中野系

この銀河系の中心、中野で考えること

闇は電波にのって

2005年07月12日 | 日常
大昔からある不幸の手紙は携帯電話世界においてもしっかりと健在の様子。転送しないことによるペナルティは、あなたに不幸が起こるという基本的なものから、最近の流行に従った「巨額のパケット通信代を支払わせる」というバリエーションまで、いろいろあるようだ。いずれも一定数の転送を行わないと発生する、というところは一緒。

新聞によれば、このチェーンメールの横行を防ごうと動き出したのが日本データ通信協会の「迷惑メール転送センター」。

このセンターが10種類のメールアドレスを用意し、もしもチェーンメールを受け取り「放置することができない人」はこのアドレスへ転送してださい、とのこと。

受け取っても相手にせず転送しないのが基本だが、不安な人はこのアドレスを利用すれば、センターでメールを責任もって削除するとは同センターのコメント。

ちなみに、用意されたアドレスはドコモのアドレスが5つ、ボーダフォンが3つ、残る2つがauのもの。一般のメールアドレスで充分では、と思ったが、たぶんXX人の携帯メール宛送らないと…という条件が付くことを考えてのことだろう。なかなか芸が細かい。

センターのコメントにあるように、放っておけばよい話。せいぜい相談窓口でも設ければすべては解決することだと思うけれど(実際これも準備されている)、それで納得できず転送を繰り返してしまう人も多いのかもしれない。その意味において、同センターの対応は実に現実的だ。最近は子供に携帯を持たせる親も増えているようだし。

ただ、最近は一般の大人でも「風水がよくないから」とか平気で言うから、案外このアドレスの利用者は子供だけではないのかもしれない。

決して肯定するわけではないけれど、いつの時代も、その先端の技術上で、人間が結局は同じ行為を犯してしまうこと。これ自体は非常に興味深い。

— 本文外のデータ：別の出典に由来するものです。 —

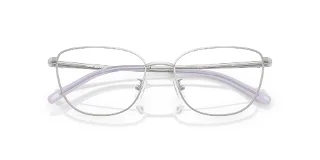 Tory Burch Eyeglasses TY1093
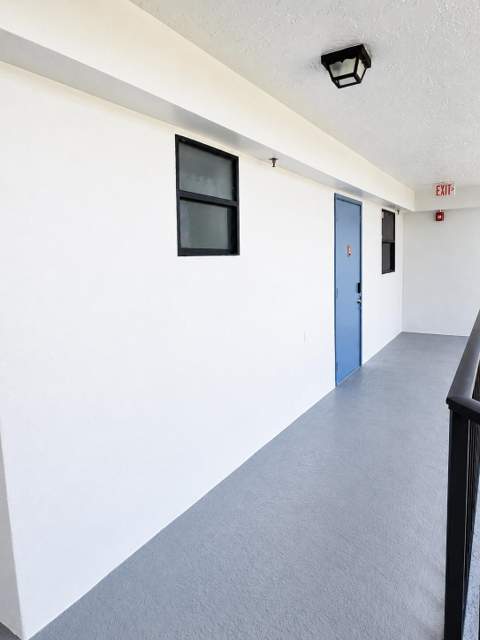 4640 W Lucerne Lakes Blvd W #205, Lake Worth FL - photo 12 of 16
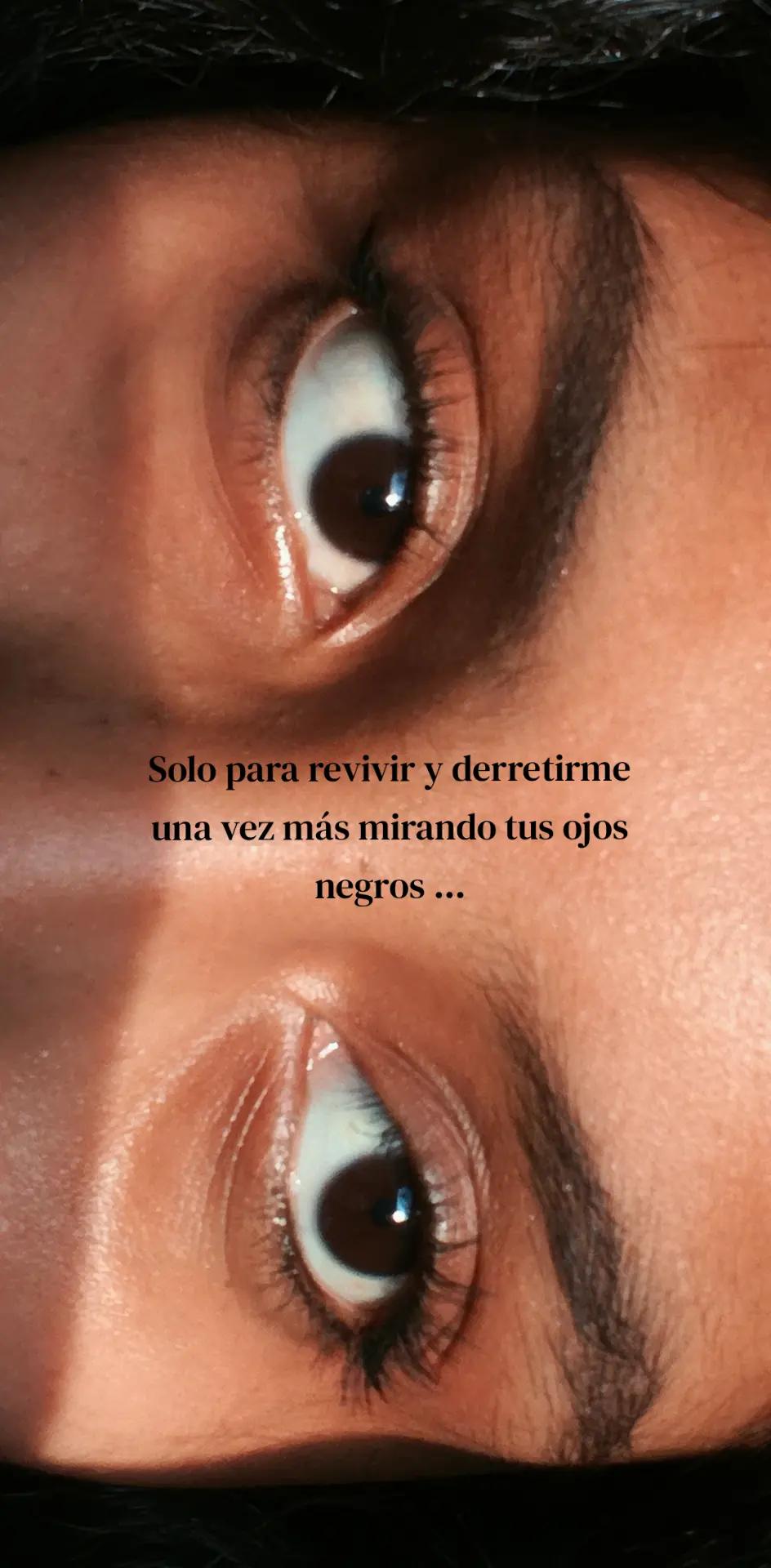 @𝐌𝐞𝐥 𝐑𝐞𝐲𝐞𝐬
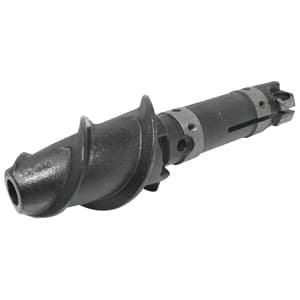 H148320 - RH Knife Stalk Roll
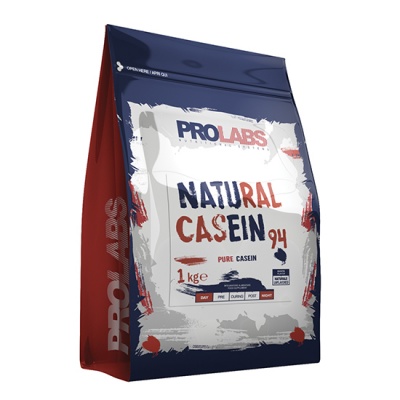 natural-casein---busta1kg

チェーンメールを始めようと思った「誰か」。その人の暗く、歪んだ心の闇がネットワークと電波を経由して自分の手元の小さな端末に到着する。そしてそのメールが受信者の心の弱さと共に別の端末へと伝播していく…
不謹慎ではあるけれどもしも出来るなら一度、日本データ通信協会に集められたメールの文面を一日、じっくり眺めてみたい。たぶん、楽しい作業ではないけれど、闇を眺めることで見えてくるなにか、があるような気が個人的にはするのだ。